Я имею множество записок графа, кои доказывают некоторую доверенность ко мне. Он часто писал мне: «любезный друг Александр Яковлевич». Все это делалось не вдруг, и много пройдет времени, прежде нежели Цицианов поставит себя на эту ногу; а главная беда, что Цицианов не может сообщаться с Зандрартом: тот не знает французского, а этот русского языка.

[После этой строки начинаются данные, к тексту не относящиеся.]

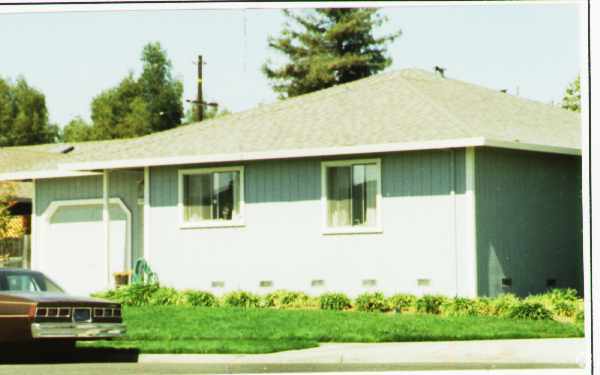 Building Photo - 2135 Peterson Ln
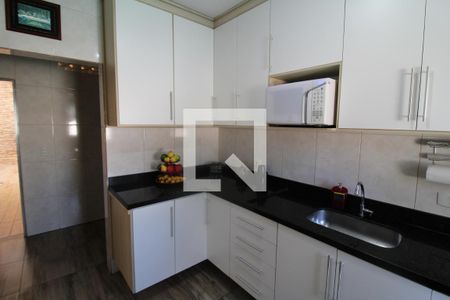 Casa à venda com 440m², 8 quartos e 4 vagasCasa 1 - Cozinha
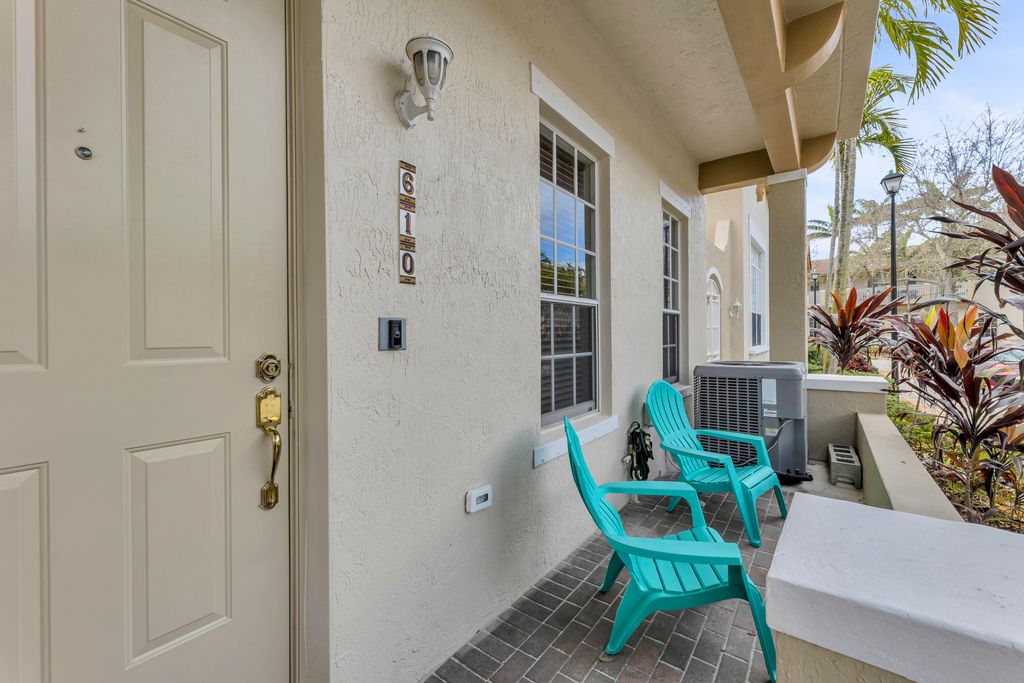 Photo of 610 NW 25th Avenue, Boynton Beach, FL 33426 (MLS # R10962451)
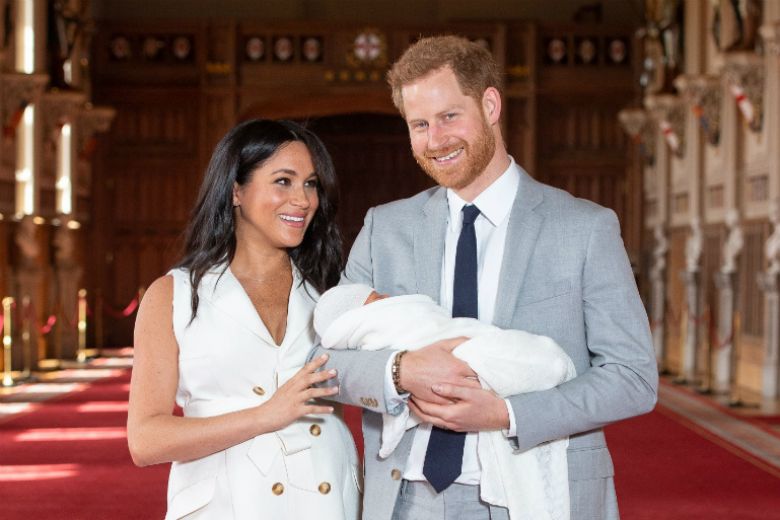 Ci sono le prime foto di Baby Sussex, il bambino di Harry e Meghan
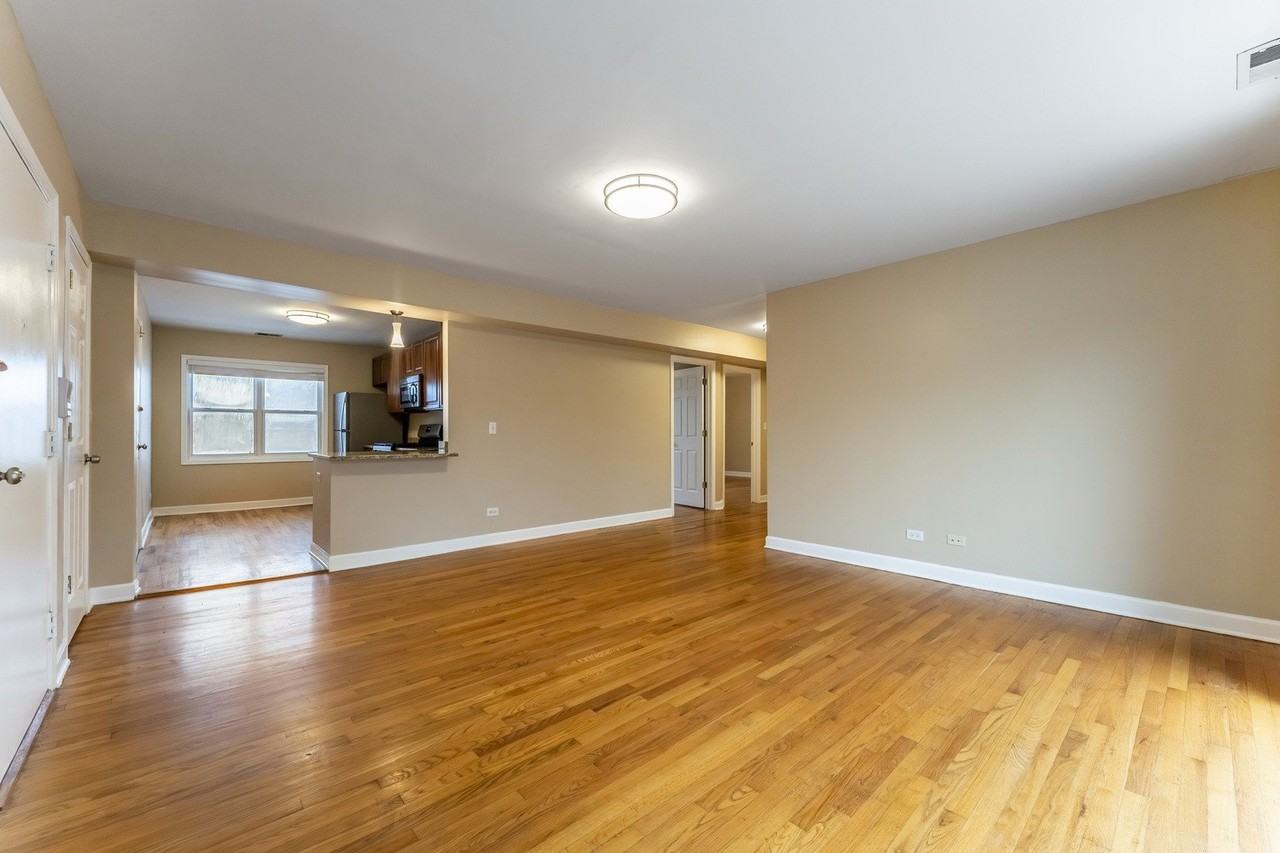 6417 N Damen Ave Apt 3w #3W - Photo 5 of 19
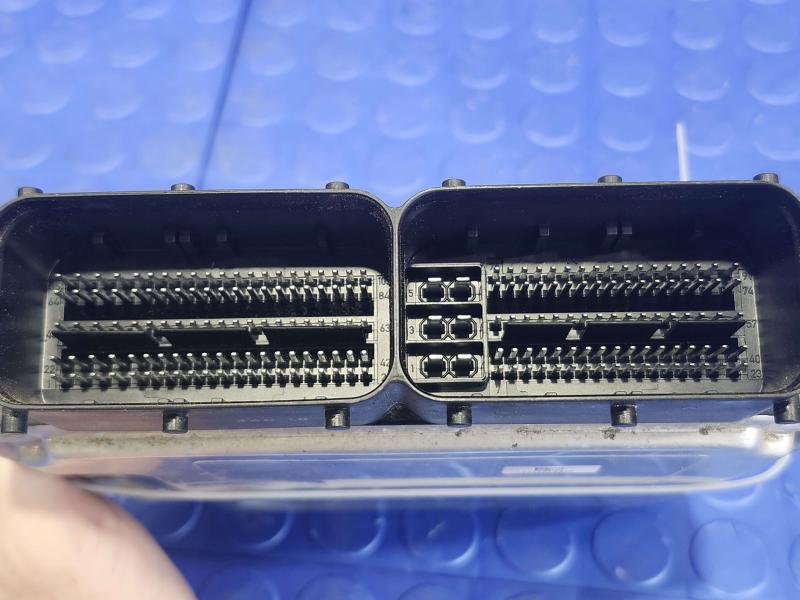 2020 Volkswagen Passat Engine/Motor Brain Box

Зандрарт, с первого дня вступления своего, завел журнал подробнейший, по коему можно видеть все, что граф делал и говорил или писал (ибо он беспрестанно пишет) всякий день. Одним словом, надобны ум, терпение, твердость, сноровка Зандрарта (которые он приобрел, смотрев три года за другим сумасшедшим, графом Разумовским) [Кириллом Алексеевичем], чтобы взять на себя эту обузу. Не раз он мне говорил со слезами: «Клянусь вашему превосходительству, что без необходимости собрать что-нибудь для моей бедной жены и моих детей я не взялся бы за этакий труд и за 50 тысяч в год; ответственность моя огромна; те два или три раза в год, что я в церковь хожу, я себя чувствую как на иголках: мне все кажется, что случается что-то в доме». А это каково, что он рискует быть убитым, ибо как ручаться за сумасшедшего? Вдруг может взбеситься, а Мамонова во время оно насилу пять человек могли связать.